In East Chicago, technically Indiana, access to fresh food is a little easier to come by, yet poverty is no less prevalent. Once home to a burgeoning steel mill industry, the city now faces a 36 percent poverty rate. This much is evident at The Salvation Army’s East Chicago Corps and Community Center, which serves lunch to as many as 150 people each day.
After multiple denials for a community garden grant from Foundations of East Chicago, the corps looked into many of the benefits Jasper touts.
“OK, so you’re going to beautify the city; so what? Then, you start talking about lowering crime, and you start talking about seniors, and empowering people, that’s a whole different subject,” said Rosemary Salazar, corps administrative coordinator. With that evidence, the corps secured funding and launched its community gardening program last summer in partnership with Foundations of East Chicago, Purdue University Extension Center and The Home Depot.

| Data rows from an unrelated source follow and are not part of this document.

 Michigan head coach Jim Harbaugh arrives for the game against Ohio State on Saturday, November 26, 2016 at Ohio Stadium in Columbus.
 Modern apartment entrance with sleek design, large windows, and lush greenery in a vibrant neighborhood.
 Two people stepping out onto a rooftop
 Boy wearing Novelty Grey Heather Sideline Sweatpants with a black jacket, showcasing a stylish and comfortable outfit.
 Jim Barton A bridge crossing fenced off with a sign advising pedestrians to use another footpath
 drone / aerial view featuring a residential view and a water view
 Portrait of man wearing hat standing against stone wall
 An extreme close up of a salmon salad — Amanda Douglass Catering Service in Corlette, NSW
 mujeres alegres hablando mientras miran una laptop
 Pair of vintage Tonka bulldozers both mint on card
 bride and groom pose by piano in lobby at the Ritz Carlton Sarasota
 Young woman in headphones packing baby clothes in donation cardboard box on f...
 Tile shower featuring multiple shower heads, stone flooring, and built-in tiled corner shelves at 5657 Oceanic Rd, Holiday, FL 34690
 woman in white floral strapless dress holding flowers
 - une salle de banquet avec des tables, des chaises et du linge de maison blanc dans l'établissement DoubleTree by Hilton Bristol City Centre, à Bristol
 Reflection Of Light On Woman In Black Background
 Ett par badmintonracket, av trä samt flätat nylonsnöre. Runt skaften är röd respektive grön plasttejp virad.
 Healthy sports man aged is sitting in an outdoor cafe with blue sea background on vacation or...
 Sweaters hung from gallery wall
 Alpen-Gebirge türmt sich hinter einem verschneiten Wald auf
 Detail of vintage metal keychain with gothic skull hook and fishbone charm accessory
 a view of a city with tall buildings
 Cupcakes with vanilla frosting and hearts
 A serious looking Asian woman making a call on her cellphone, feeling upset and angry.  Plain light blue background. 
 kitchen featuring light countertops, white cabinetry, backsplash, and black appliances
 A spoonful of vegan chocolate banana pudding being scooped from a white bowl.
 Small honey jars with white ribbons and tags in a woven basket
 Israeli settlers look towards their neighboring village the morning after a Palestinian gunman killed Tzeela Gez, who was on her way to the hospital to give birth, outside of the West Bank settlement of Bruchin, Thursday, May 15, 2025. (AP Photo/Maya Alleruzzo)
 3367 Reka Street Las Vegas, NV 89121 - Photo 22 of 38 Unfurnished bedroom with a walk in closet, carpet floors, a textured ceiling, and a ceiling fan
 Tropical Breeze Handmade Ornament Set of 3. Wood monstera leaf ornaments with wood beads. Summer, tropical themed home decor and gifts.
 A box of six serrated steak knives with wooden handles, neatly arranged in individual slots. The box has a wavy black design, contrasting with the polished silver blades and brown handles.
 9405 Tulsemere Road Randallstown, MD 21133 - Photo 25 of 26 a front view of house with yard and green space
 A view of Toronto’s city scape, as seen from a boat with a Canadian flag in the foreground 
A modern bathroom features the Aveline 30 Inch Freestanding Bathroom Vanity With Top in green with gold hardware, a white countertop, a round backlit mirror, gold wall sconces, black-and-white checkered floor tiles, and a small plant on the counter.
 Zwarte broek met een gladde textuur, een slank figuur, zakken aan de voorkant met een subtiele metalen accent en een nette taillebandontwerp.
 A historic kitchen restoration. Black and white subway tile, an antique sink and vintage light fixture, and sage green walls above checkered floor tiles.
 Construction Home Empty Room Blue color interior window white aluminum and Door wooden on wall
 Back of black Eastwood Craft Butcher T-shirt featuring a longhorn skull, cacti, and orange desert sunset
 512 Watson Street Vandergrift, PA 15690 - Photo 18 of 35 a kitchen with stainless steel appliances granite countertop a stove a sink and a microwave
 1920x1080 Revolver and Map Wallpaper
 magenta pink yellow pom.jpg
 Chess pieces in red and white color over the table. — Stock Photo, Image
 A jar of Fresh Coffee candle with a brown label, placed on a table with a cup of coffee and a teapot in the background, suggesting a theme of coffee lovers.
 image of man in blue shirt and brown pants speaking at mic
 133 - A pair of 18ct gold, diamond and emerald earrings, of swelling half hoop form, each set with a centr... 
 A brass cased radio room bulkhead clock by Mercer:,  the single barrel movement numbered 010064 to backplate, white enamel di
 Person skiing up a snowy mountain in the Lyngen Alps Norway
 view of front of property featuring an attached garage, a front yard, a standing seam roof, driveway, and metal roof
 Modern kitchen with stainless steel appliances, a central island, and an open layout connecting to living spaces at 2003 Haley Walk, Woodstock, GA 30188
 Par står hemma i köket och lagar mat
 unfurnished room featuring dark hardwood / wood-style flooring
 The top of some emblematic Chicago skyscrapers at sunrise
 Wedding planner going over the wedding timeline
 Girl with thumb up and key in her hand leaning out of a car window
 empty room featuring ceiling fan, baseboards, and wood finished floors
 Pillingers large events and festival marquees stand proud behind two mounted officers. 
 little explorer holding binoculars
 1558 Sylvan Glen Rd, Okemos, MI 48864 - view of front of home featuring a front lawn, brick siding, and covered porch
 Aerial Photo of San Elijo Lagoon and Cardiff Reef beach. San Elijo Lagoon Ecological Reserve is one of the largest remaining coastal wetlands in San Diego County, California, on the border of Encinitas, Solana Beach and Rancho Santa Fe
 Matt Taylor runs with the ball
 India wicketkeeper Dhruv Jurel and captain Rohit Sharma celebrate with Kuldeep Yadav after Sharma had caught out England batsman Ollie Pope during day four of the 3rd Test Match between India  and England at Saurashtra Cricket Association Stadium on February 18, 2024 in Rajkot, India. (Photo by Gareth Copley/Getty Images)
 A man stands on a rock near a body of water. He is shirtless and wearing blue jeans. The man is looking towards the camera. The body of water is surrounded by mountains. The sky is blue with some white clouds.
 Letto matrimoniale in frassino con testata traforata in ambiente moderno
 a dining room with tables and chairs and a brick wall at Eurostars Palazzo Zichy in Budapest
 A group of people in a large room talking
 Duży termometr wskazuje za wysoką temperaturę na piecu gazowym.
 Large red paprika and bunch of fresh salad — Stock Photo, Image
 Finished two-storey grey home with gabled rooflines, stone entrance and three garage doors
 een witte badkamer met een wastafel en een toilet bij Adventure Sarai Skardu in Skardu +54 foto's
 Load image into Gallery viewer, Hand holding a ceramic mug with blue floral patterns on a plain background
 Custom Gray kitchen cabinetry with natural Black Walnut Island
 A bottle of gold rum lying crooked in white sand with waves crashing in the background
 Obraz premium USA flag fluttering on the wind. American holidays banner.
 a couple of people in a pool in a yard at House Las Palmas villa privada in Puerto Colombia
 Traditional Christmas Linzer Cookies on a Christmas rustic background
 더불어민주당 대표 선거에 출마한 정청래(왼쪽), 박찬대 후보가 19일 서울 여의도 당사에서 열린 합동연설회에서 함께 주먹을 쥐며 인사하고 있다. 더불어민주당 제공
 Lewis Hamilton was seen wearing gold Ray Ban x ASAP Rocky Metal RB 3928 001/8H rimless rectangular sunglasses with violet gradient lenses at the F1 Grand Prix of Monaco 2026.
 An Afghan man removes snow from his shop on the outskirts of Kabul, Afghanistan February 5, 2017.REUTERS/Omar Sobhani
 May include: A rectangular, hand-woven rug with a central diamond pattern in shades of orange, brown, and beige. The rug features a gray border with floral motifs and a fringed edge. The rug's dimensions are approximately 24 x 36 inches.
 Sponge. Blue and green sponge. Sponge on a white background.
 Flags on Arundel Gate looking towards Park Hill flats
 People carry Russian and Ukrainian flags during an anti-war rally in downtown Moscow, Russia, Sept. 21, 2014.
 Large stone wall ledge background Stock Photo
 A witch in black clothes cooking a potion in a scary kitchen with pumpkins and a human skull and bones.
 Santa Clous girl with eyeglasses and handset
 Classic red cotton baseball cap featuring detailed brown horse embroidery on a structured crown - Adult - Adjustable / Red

The initiative subsequently spawned both a veterans and senior gardening program, and all of the produce grown is used for meals in the corps’ feeding program. Salazar hopes to hold a farmer’s market this year and encourages participants to apply the new knowledge in their own backyards.
Grower Elida Ochoa is doing just that.
“There are so many recalls on spinach, on cabbages, on tomatoes,” she said. “I always tease my friends, I say, ‘I haven’t had a recall on any of my vegetables yet.’ There’s nothing better than to produce something that your family can eat…If I don’t do it, how am I going to share it with the next generation?”
Other locations in the Chicago Metropolitan Division have experimented with community gardening. Major Darlene Harvey, corps officer at the Chicago Ray and Joan Kroc Corps Community Center, said the center has partnered with a local school to help educate children on the potentials of growing your own food.
The Blue Island Corps runs a rooftop garden, utilizing 30 hydroponic towers equivalent to up to 10 acres of conventional farmland. The vegetables grown are used in the corps’ senior lunch program.
Regardless of the food produced or crime rates lowered, Jasper believes that community gardens should not be mistaken for a panacea to poverty, but said they can provide a notable boost as part of an integrated food system, particularly in urban areas.
“Community gardening is not an answer—a complete answer,” Jasper said. “But, it is something that can certainly make an impact.”